Your goal → Nothing outside the range is to be copied. From the entries below, reproduce exactly the lines starting at the one with "Ford Mondeo Wagon" and ending at the one with "1546 Reservation Road", without pictures.

Data excerpts →
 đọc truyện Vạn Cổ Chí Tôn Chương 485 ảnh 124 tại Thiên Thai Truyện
==
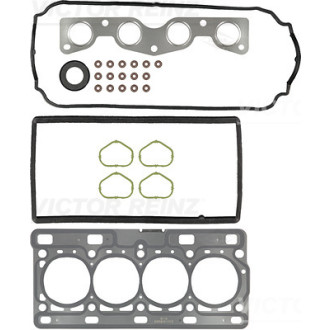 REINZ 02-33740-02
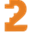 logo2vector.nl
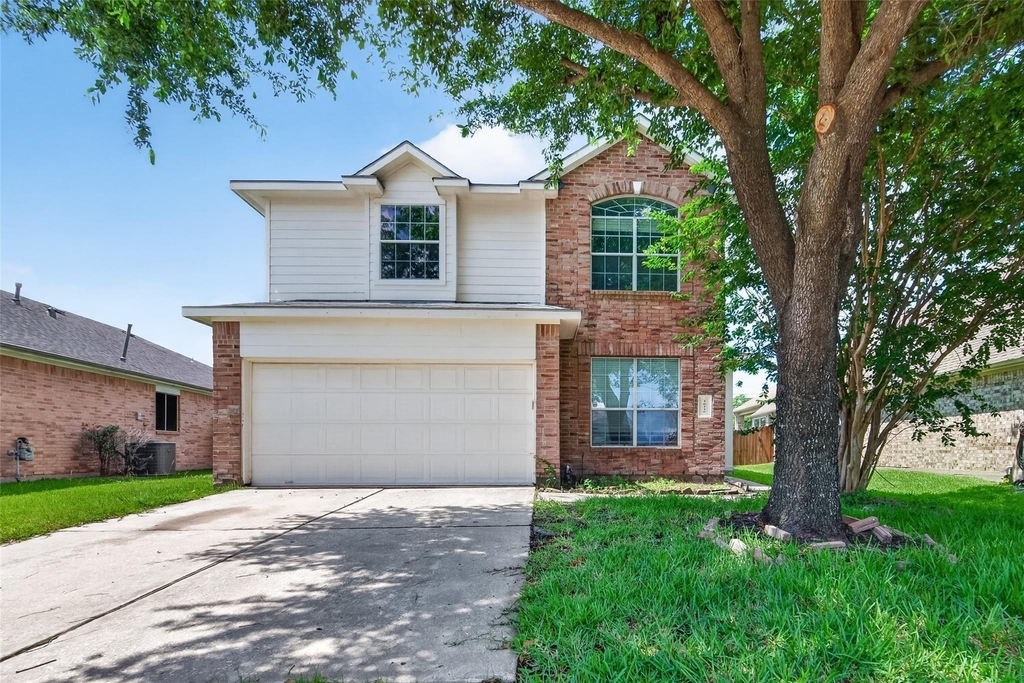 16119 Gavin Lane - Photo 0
==
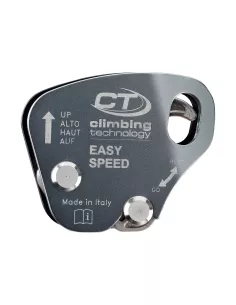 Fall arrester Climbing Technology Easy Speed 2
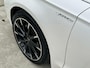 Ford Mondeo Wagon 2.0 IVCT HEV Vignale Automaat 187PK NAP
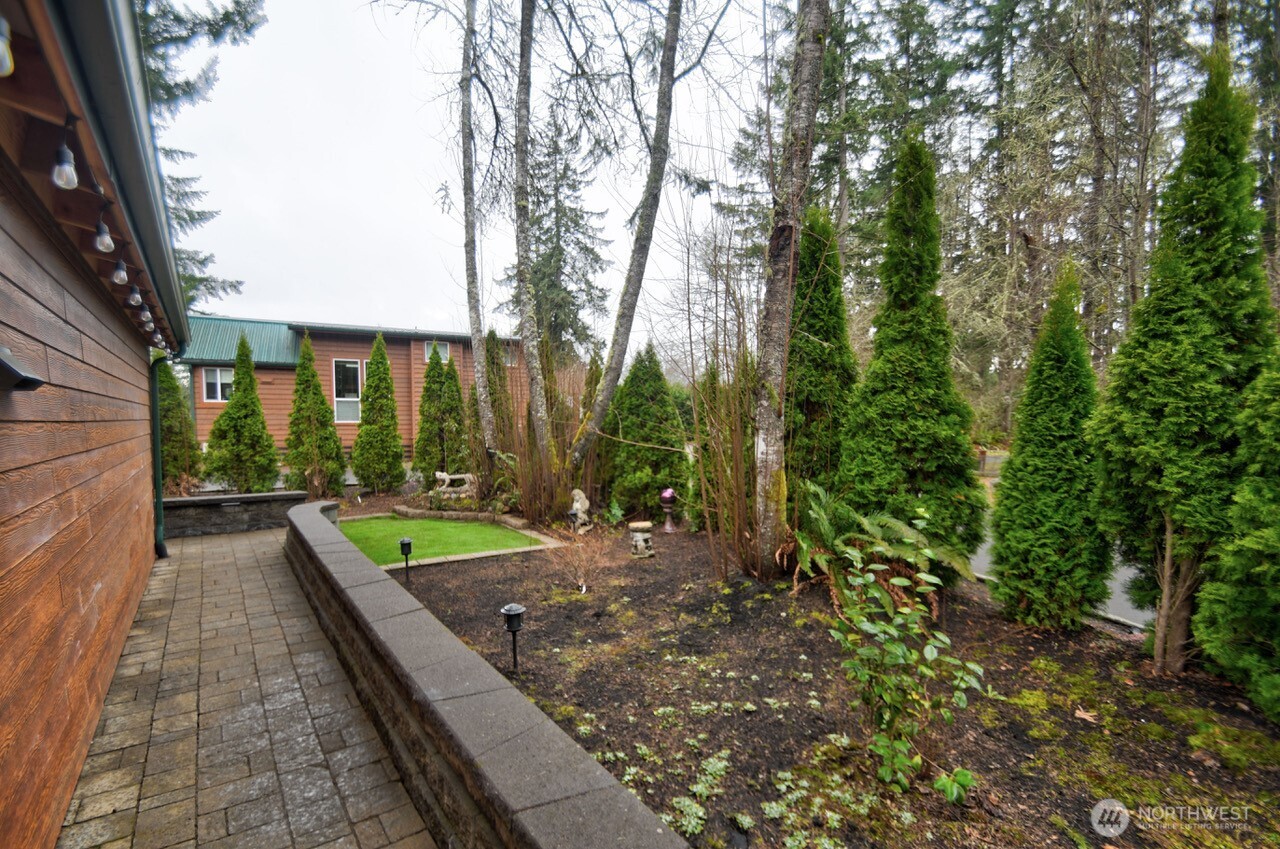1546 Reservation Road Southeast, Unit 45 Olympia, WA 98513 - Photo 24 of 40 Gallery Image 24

Problem solution →
 Ford Mondeo Wagon 2.0 IVCT HEV Vignale Automaat 187PK NAP
1546 Reservation Road Southeast, Unit 45 Olympia, WA 98513 - Photo 24 of 40 Gallery Image 24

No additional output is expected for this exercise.